● WHAT YOU SHOULD DO: Where does the string "from" appear? Copy every line of the entries below that holds it.

● Collected data:
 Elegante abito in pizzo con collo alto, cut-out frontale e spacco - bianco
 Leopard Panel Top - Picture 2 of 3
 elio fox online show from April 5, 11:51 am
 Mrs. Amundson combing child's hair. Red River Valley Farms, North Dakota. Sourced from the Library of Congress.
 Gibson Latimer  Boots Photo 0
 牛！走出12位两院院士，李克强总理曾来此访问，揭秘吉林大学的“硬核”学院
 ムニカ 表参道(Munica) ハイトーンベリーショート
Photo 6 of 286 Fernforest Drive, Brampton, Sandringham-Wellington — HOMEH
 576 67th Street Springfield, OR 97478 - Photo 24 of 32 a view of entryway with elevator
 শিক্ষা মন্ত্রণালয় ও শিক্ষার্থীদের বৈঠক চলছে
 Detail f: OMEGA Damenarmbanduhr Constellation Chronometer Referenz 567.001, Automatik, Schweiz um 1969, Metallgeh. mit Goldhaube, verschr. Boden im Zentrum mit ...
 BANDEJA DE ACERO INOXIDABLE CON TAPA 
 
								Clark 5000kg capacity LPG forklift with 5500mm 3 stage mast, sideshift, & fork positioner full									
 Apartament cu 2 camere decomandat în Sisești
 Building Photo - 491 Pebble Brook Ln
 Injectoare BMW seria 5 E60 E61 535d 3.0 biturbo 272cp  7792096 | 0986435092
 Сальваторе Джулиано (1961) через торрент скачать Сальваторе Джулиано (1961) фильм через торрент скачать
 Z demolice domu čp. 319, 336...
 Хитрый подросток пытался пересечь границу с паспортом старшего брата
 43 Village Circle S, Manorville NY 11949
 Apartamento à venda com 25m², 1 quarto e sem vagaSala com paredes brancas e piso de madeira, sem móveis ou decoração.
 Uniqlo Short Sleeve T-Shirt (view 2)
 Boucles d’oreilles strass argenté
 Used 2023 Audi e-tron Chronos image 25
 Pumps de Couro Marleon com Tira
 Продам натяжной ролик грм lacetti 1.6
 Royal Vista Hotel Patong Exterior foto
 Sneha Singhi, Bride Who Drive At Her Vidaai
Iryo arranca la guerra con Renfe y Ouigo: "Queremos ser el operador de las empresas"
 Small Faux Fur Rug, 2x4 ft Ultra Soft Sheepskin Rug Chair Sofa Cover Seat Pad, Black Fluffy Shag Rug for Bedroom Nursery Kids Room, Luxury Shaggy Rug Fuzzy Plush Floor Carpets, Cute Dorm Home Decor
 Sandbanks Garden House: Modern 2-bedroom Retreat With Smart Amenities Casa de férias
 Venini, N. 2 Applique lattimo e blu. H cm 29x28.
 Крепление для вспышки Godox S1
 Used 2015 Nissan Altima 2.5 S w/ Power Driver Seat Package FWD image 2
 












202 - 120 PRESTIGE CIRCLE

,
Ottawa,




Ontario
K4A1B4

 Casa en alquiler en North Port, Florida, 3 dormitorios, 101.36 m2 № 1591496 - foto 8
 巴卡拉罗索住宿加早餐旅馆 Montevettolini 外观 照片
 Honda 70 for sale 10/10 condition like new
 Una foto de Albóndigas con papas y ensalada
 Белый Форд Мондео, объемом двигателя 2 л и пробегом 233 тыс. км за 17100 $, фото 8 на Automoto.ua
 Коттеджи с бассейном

● TASK SOLUTION:
 elio fox online show from April 5, 11:51 am
 Mrs. Amundson combing child's hair. Red River Valley Farms, North Dakota. Sourced from the Library of Congress.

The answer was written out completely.